RISC-V FDPIC: thread-local storage

To handle TLSDESC, we introduce a new relocation type: R_RISCV_TLSDESC_GPREL_HI. This type instructs the linker to find or create two GOT entries unless optimized to local-exec or init-exec.
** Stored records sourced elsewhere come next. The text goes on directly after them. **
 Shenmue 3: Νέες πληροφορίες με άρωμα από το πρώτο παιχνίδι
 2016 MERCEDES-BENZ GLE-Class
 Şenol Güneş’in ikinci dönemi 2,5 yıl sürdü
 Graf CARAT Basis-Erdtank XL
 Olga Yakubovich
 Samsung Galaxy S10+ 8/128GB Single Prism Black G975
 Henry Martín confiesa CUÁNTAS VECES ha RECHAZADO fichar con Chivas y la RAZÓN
The combined hi20 and lo12 offsets compute the GP-relative offset to the first GOT entry.

label:
lui rX, %tlsdesc_gprel_hi(sym)      # R_RISCV_TLSDESC_GPREL_HI(sym); R_RISCV_RELAX
c.add a0, gp                        # R_RISCV_PIC_ADD(label)
ld rY, rX, %tlsdesc_load_lo(label)  # R_RISCV_TLSDESC_LOAD_LO12(label)
addi a0, rX, %tlsdesc_add_lo(label) # R_RISCV_TLSDESC_ADD_LO12(label)
jalr t0, rY, %tlsdesc_call(label)   # R_RISCV_TLSDESC_CALL(label)
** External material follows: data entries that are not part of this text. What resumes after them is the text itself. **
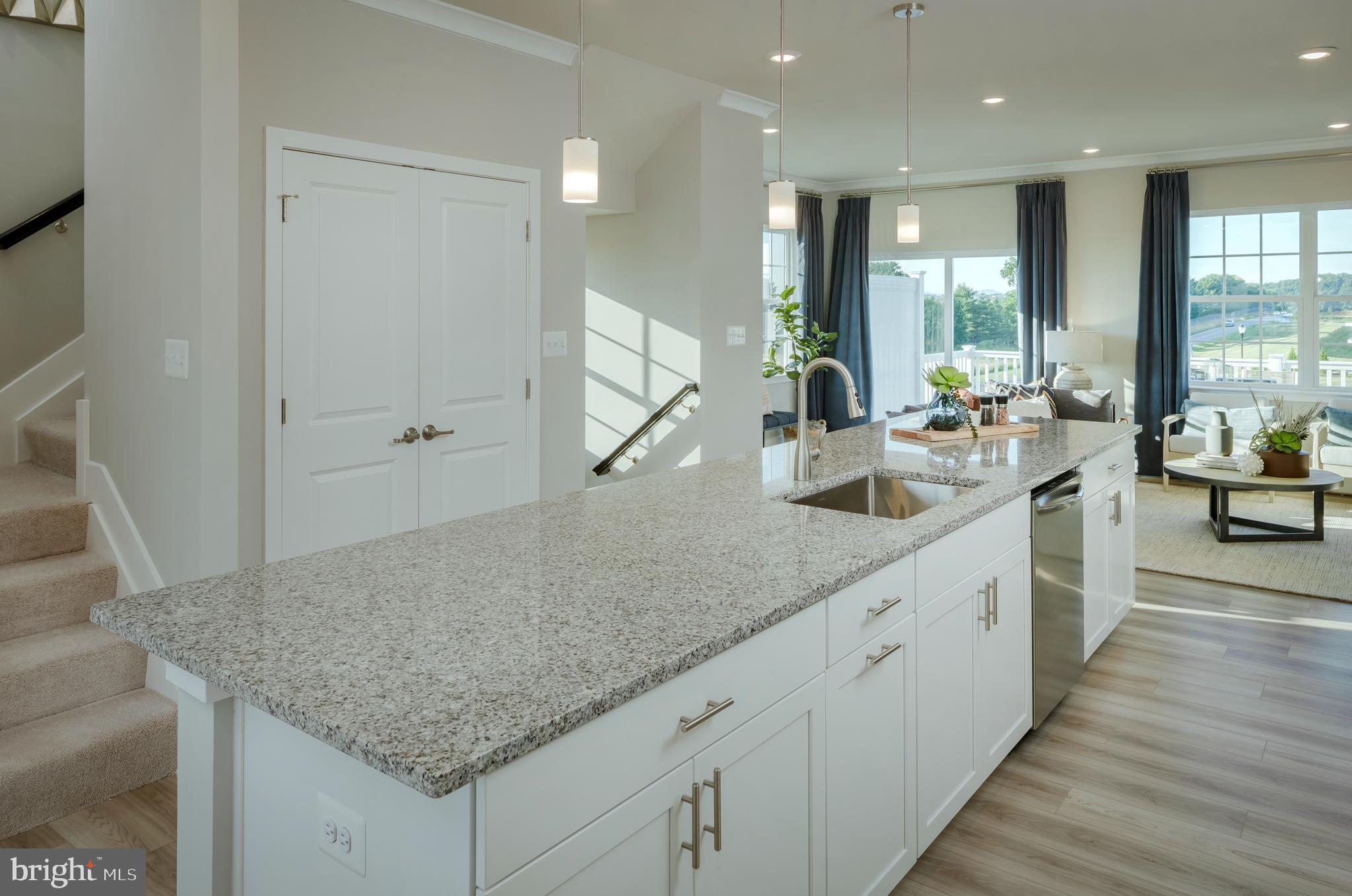 PATAPSCO GLEN - Residential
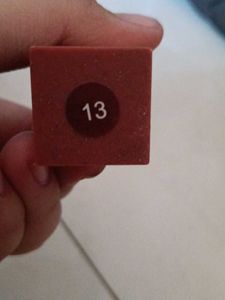 Nude Lipstick
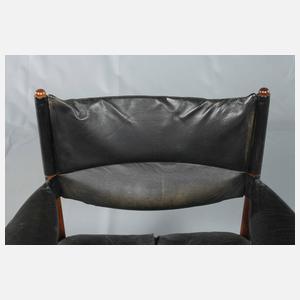 Kristian Solmer Vedel, Kaminsessel "Modus"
Existing relocation types, R_RISCV_TLSDESC_LOAD_LO12 and R_RISCV_TLSDESC_ADD_LO12, are extended to work with R_RISCV_TLSDESC_GPREL_HI.
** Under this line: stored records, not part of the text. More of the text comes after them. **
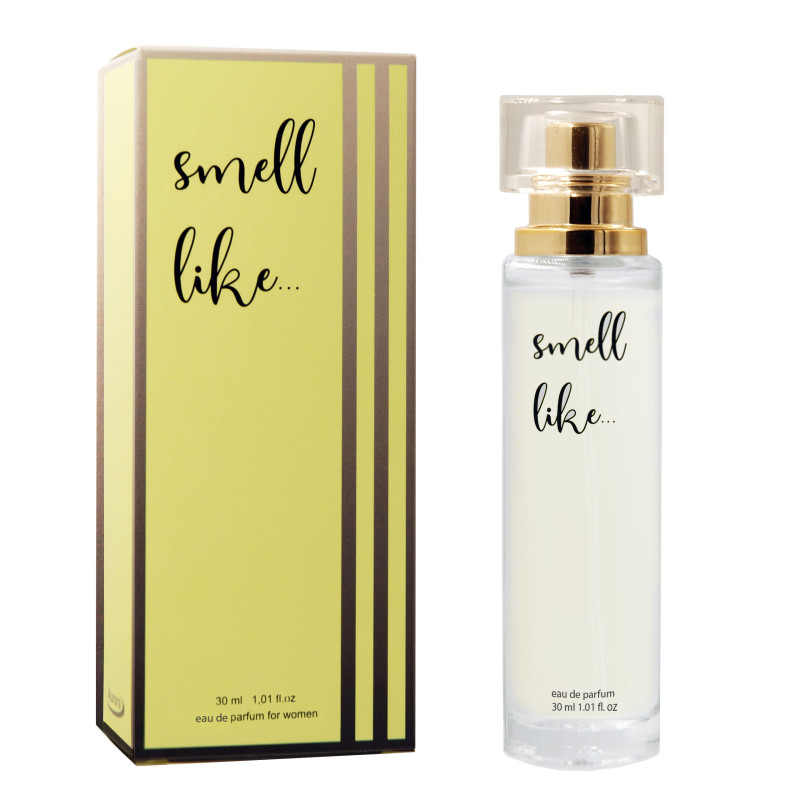 Женские духи с феромонами Aurora Smell Like 08 Women 30 мл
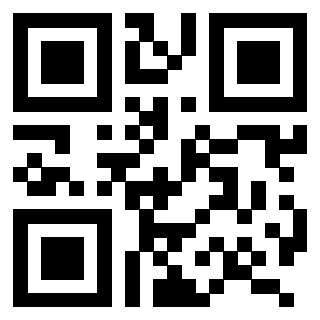 3206965240 - Immagine del QrCode associato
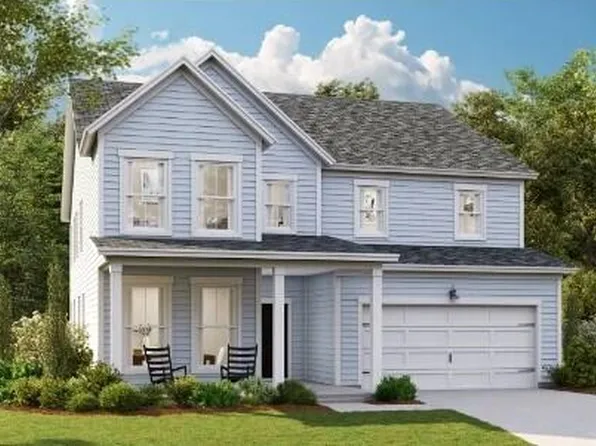 1006 Lettered Olive Ln, Summerville, SC 29485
# TLSDESC to initial-exec optimization
lui a0, <gottpoff_gprel_hi20>
c.add a0, gp
ld a0, <gottpoff_gprel_lo12>(a0)

# TLSDESC to local-exec optimization
lui a0, <tpoff_hi20>
addi a0, a0, <tpoff_lo12>

For initial-exec TLS model, we need a new pseudoinstruction, say, la.tls.ie.fd rX, sym. It expands to:

1
2
3

lui rX, 0                    # R_RISCV_TLS_GOTGPREL_HI20(sym)
c.add rX, gp                 # R_RISCV_PIC_ADD(label)
ld rX, 0(rX)                 # R_RISCV_PCREL_LO12_I(label)

Stefan's scheme uses R_RISCV_PIC_ADDR_LO12_I. I think we can just repurpose R_RISCV_PCREL_LO12_I.